Ambassador O’Brien and EUI President Professor Renaud Dehousse welcomed more than 50 guests to the conference, which included a lecture by Professor Damian Bracken from the University of Cork, and talks by EUI Professors Lucy Riall and Claire Kilpatrick. Three Irish researchers, Eoghan Hussey, Mustapha Kokumo, and Max Bradley, described their dissertation projects and life as researchers at the EUI.
Professor Bracken, an expert in the history of antique and medieval Ireland and Europe, considered the role of Irish scholars and evangelisers whose thinking encompassed totius Europae, the ‘whole of Europe.’ He looked especially at the works and careers of Columbanus of Bobbio and Donatus of Fiesole, two Irish missionaries whose travels, teachings and writings have been enshrined from northern Europe to the south of Italy.

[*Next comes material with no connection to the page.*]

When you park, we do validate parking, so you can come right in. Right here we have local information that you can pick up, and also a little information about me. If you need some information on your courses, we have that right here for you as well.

Professor Riall instead brought listeners to the last century, pointing out Ireland’s evolution and acumen in successfully developing its own foreign policy, separate from the United Kingdom. She also outlined why Ireland’s celebration of its membership in the EU is especially joyful. “The 20th century—the fifty years between 1922 and 1972”, she explained, “was a dark time: a period of civil war, of long decolonisation, of deep cultural and economic isolation.” With general enthusiasm from the start, and the “exceptional” benefits the country has wrought from its membership in the EEC and now EU, the Irish are “great Europeans.”

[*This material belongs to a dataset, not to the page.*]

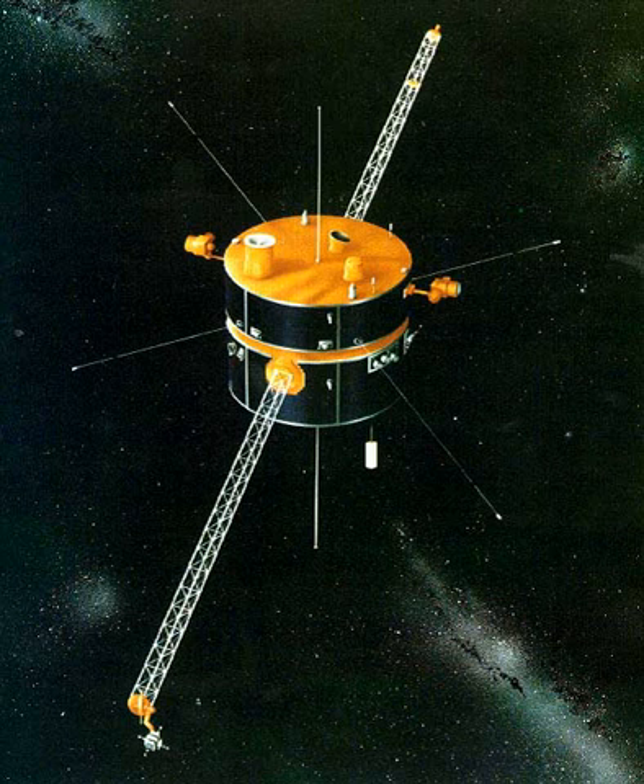The magnetic field instrument on board Wind is composed of dual-triaxial fluxgate magnetometers. The MFI has a dynamic range of ±4 nT to ±65,536 nT, with digital resolution ranging from ±0.001 nT to ±16 nT. A sensor noise level of 10 SPS is referred to as high time resolution (HTR) data in some studies.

Professor Kilpatrick explored Irish-EU relations from the perspective of Northern Ireland and Brexit. While Northern Ireland persistently created problems for the pursuit of more extreme forms of Brexit, resulting most recently in the Windsor Framework, Brexit has further destabilized Northern Ireland. Ireland played a highly significant role as a well-prepared ideas entrepreneur post-Brexit, creating and communicating a clear position to the EU its role as a Northern Irish ‘peacebuilder’.

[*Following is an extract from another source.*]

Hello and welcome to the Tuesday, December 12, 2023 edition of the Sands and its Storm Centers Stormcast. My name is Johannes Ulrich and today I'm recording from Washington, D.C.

Following Irish songs performed by David Scott and Vittoria Colonna, Ambassador O’Brien and Professor Dehousse inaugurated ‘Ireland in Europe.’ The travelling exhibit of 16 panels, curated by Professor Bracken and installed for the occasion at the Badia Fiesolana, was flanked by a selection of historic documents and photographs from the HAEU illustrating Ireland’s presence in the EU, as well as at the EUI.
The selected archival documents are now on display in the Alcide de Gasperi room at the Historical Archives.
Photo: Ireland's Ambassador to Italy Patricia O'Brien spoke at the 27 September conference 'Ireland in Europe'.